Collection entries

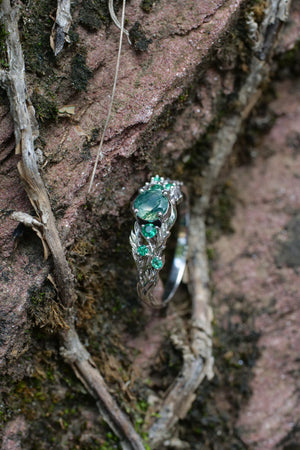 Moss agate & vivid emeralds ring / Japanese Maple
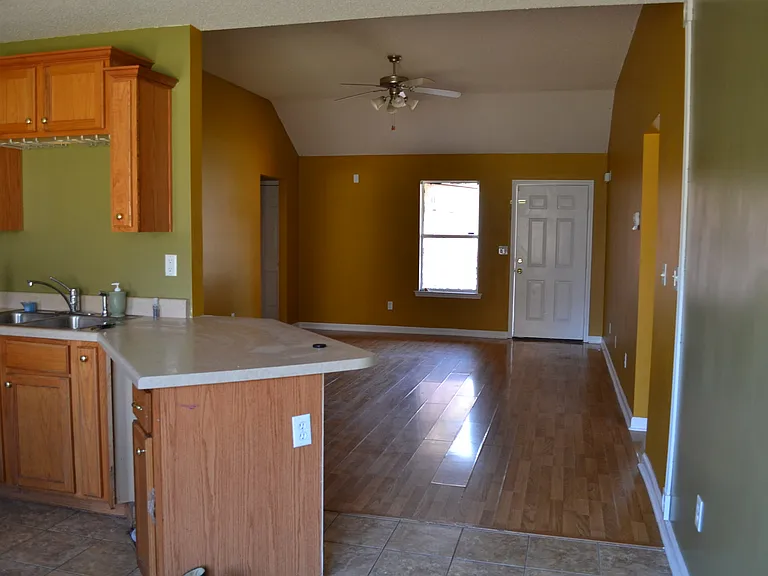 6442 Palace View Ln — Photo 8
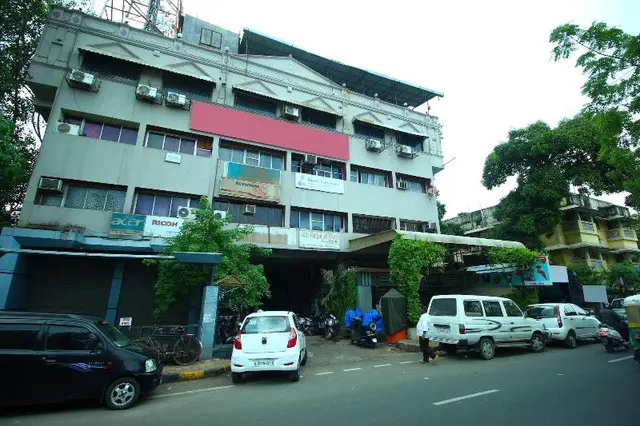 Oyo 3788 Sadbhav Hotel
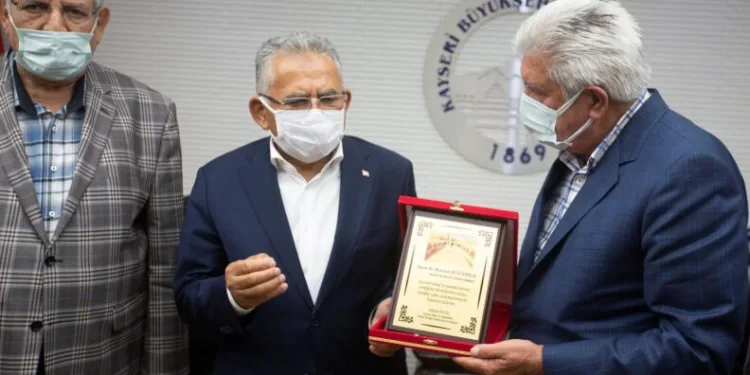 “Ahi̇ Babası” Başkana Teşekkür Plaketi̇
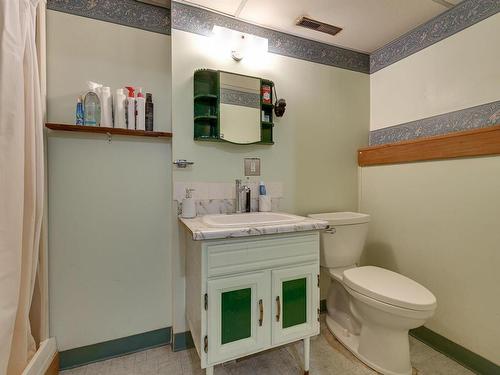 16 Beacon Crescent, St. Albert, AB - Indoor Photo Showing Bathroom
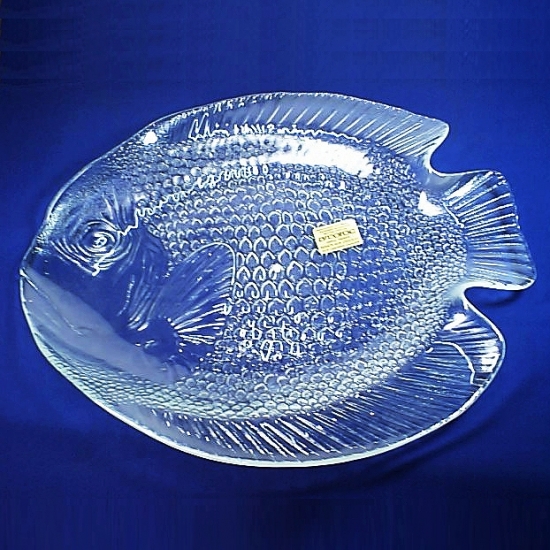 魚の彫刻が施されたガラスの皿 パーティーに♪昭和レトロなarcoroc製お魚の形のガラス大皿 - たんぽぽ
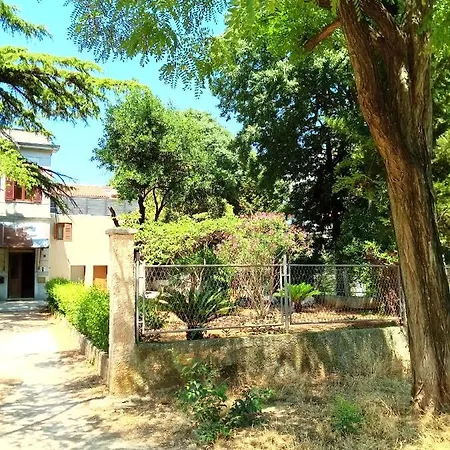 Vila Mignon 1 Apartment *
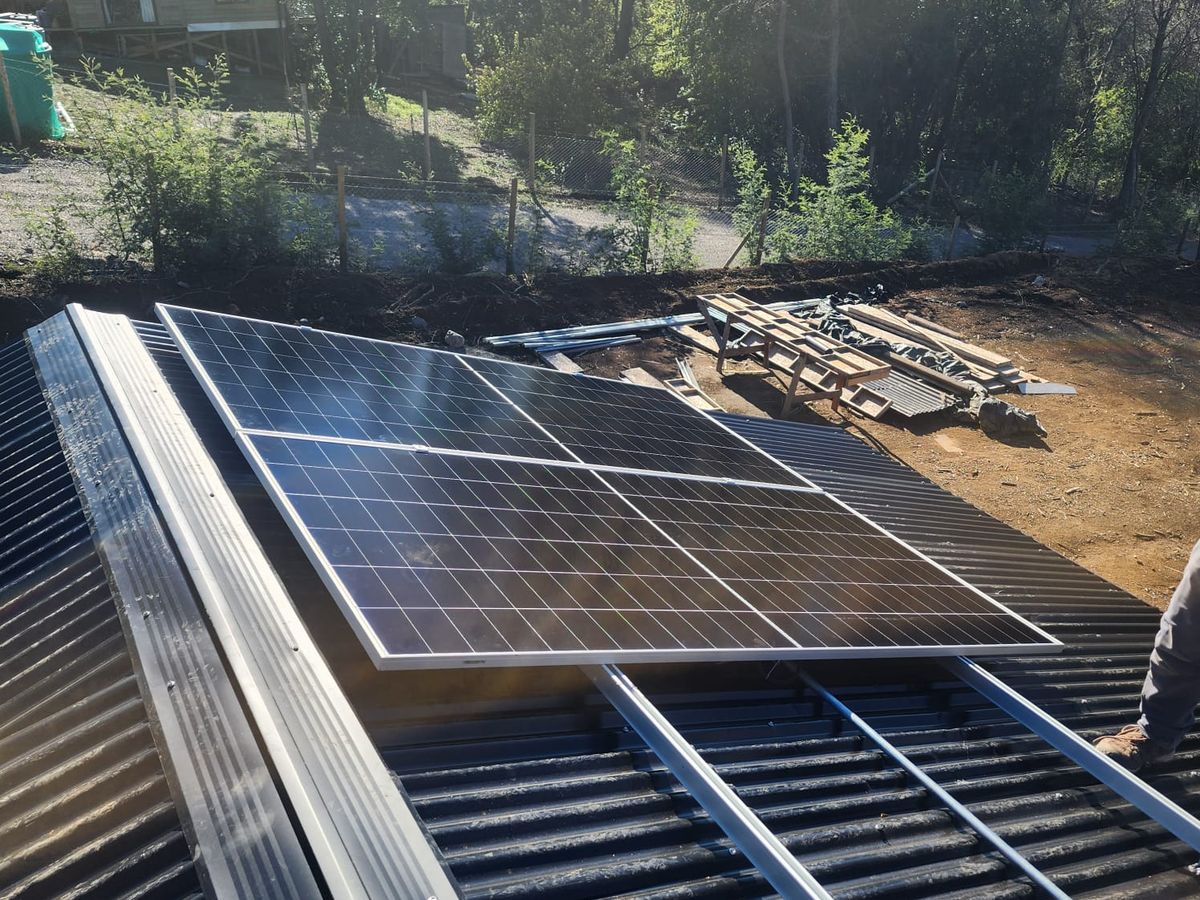 Montaje de paneles solares en techumbre metálica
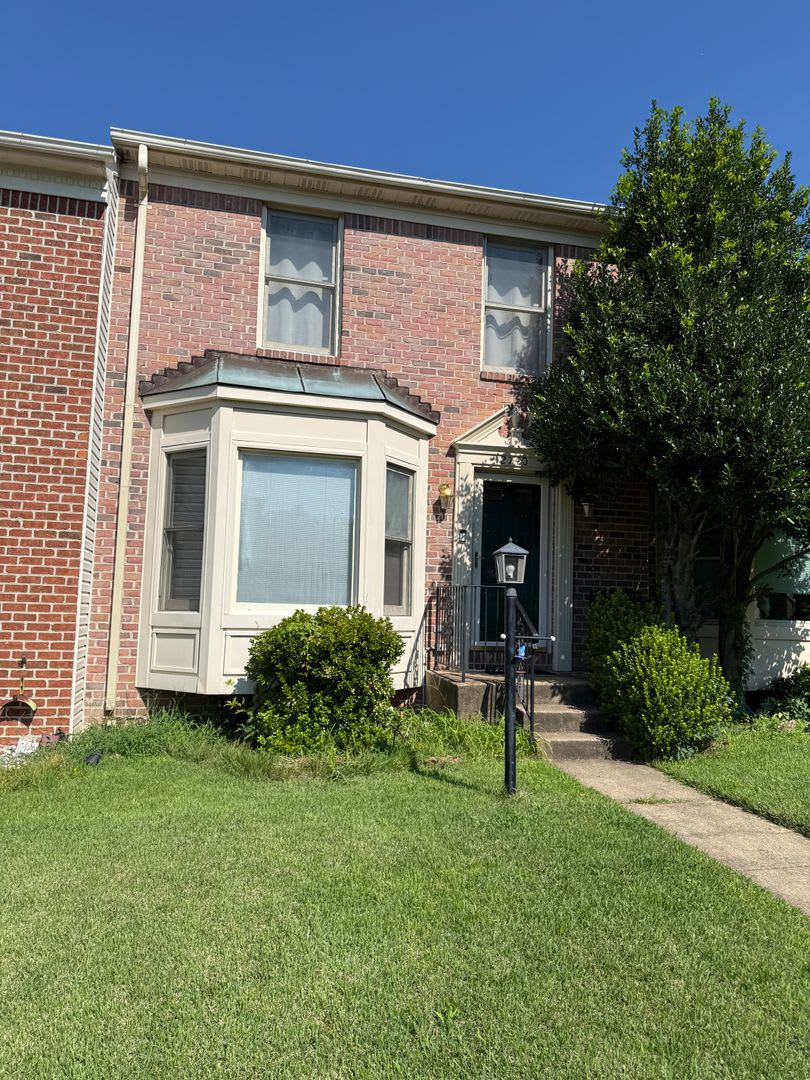 2740 Winston CT – photo 2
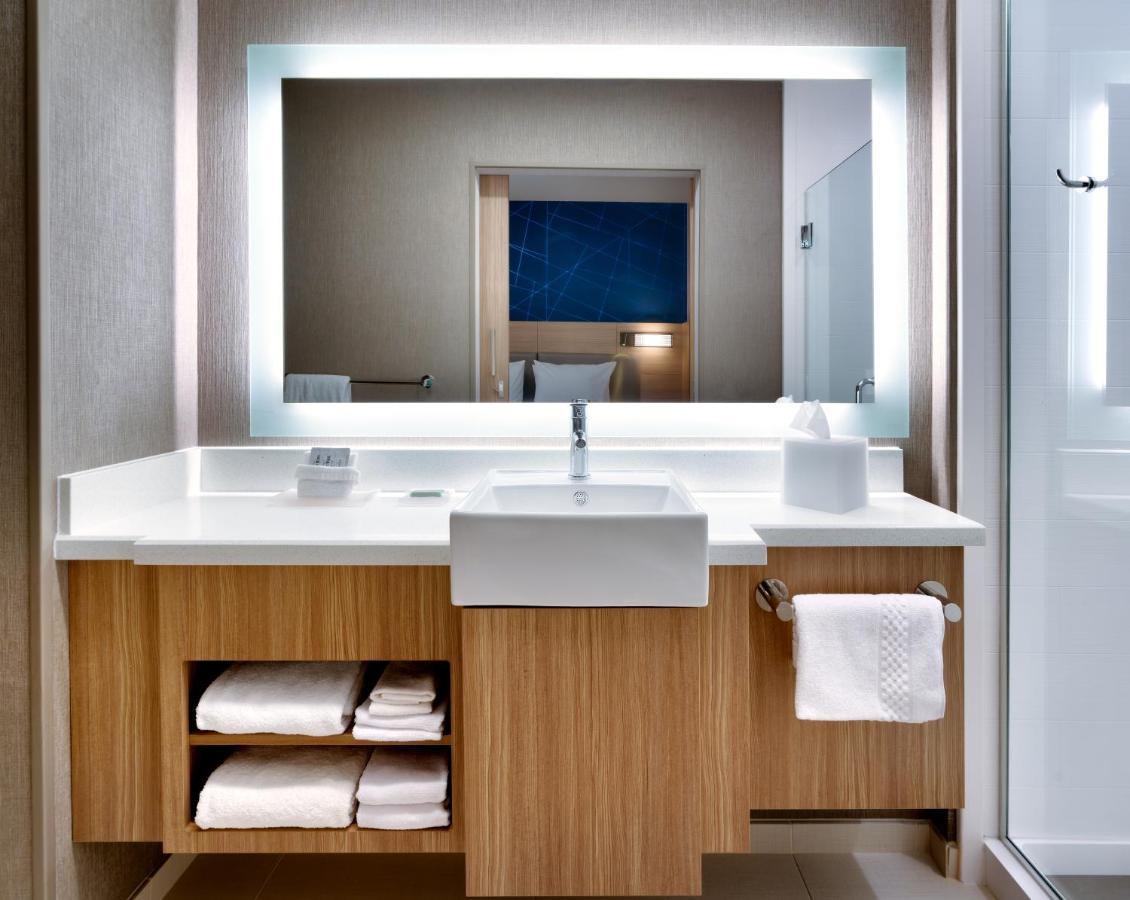 Springhill Suites By Marriott Cottonwood Exterior photo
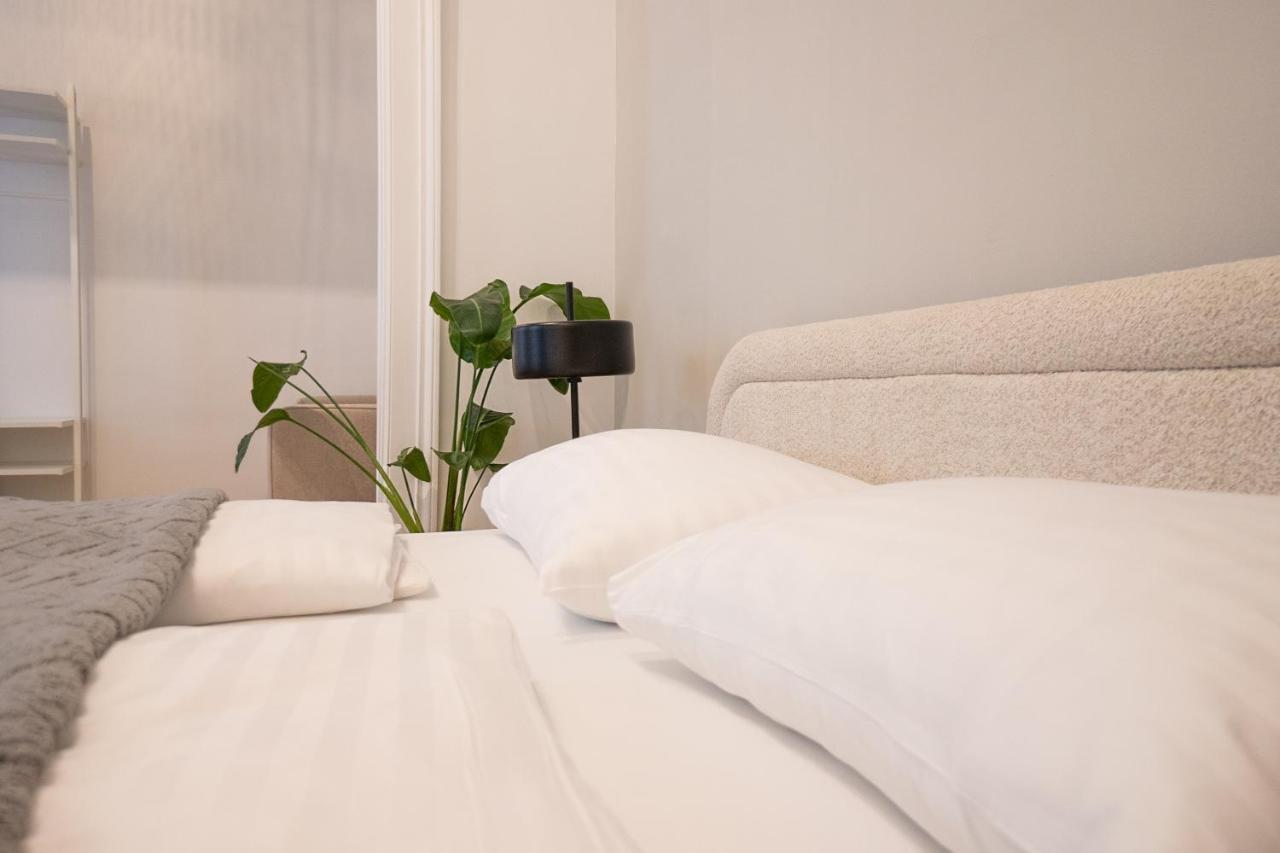 וינה Spacious 110М2 Flat In The City Center מראה חיצוני תמונה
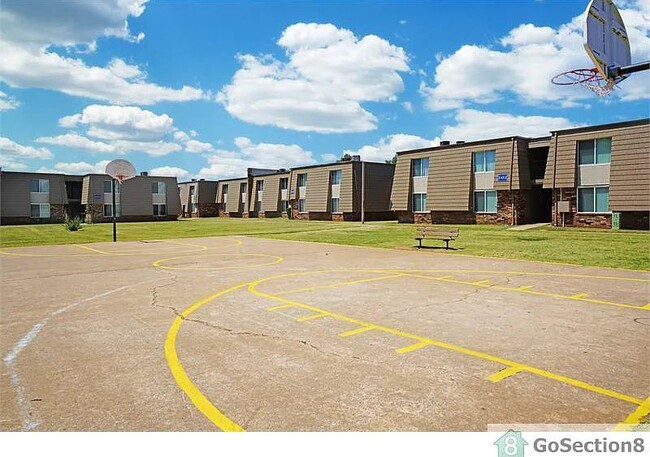 Building Photo - 1409 N Midwest Blvd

*YOUR TASK:* Could you set down exactly, and only, the lines from the line containing "וינה Spacious 110М2" through the last line of the records, both included, without the pictures?

*RESULT OF THE TASK:*
 וינה Spacious 110М2 Flat In The City Center מראה חיצוני תמונה
 Building Photo - 1409 N Midwest Blvd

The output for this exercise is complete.